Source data
"""
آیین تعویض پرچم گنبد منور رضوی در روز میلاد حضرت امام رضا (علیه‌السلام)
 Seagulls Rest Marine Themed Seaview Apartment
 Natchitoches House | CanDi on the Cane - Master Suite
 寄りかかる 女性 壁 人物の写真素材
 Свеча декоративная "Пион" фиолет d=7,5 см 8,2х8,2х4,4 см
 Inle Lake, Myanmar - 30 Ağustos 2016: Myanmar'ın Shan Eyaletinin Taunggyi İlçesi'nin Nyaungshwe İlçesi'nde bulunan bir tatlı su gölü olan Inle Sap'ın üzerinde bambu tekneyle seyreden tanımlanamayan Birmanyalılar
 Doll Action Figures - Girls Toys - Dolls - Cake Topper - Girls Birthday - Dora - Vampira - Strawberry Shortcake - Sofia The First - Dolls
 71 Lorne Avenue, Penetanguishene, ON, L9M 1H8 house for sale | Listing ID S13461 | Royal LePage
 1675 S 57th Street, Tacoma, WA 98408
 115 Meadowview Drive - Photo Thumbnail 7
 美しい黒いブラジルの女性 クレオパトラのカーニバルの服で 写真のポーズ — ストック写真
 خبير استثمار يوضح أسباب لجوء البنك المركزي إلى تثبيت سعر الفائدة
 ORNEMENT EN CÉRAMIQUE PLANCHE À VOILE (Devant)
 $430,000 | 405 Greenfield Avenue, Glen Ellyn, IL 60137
"""
◆ INSTRUCTIONS TO FOLLOW ◆
Please restate, exactly as written, the line that holds "美しい黒いブラジルの女性 クレオパトラのカーニバルの服で 写真のポーズ — ストック写真" and all remaining lines of the data above, and only those.

◆ ANSWER TO THE PROBLEM ◆
 美しい黒いブラジルの女性 クレオパトラのカーニバルの服で 写真のポーズ — ストック写真
 خبير استثمار يوضح أسباب لجوء البنك المركزي إلى تثبيت سعر الفائدة
 ORNEMENT EN CÉRAMIQUE PLANCHE À VOILE (Devant)
 $430,000 | 405 Greenfield Avenue, Glen Ellyn, IL 60137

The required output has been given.